What are the stages in the evolution of a high-mass star?

The stages in the evolution of a high-mass star are protostar, main sequence, red supergiant, supernova, and either a neutron star or black hole.

A high-mass star begins as a protostar, a dense cloud of gas and dust that collapses under its own gravity. As the protostar becomes denser and hotter, nuclear fusion reactions begin in its core, and it enters the main sequence phase. During this phase, the star fuses hydrogen into helium, releasing energy that counteracts the force of gravity.

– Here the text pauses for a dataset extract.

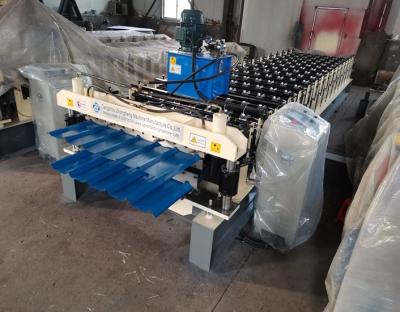 China PPGI Roof Panel double Roll Forming Machine 10-20m / min Rolling Forming Machine for sale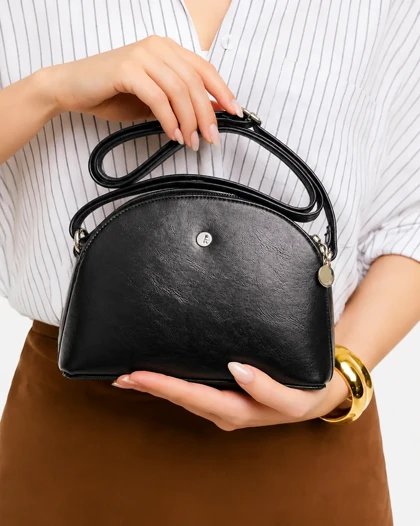 کیف زنانه چرم دوزیپ هلین کد 2218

Once the hydrogen in the core is exhausted, the star expands and cools, becoming a red supergiant. In this phase, the star fuses heavier elements in its core, producing energy and creating heavier elements through nuclear fusion.

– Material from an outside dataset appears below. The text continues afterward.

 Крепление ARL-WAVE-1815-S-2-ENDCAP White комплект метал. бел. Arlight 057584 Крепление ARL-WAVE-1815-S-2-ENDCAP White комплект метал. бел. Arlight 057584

Eventually, the star will explode in a supernova, a violent explosion that releases a vast amount of energy and creates heavy elements. The core of the star collapses, either forming a neutron star or a black hole, depending on the mass of the star.

Neutron stars are incredibly dense, with a mass greater than that of the sun but a radius of only a few kilometers. Black holes are even denser, with a gravitational pull so strong that nothing, not even light, can escape their grasp.

The evolution of high-mass stars is important for understanding the formation of heavy elements and the role of supernovae in shaping the universe.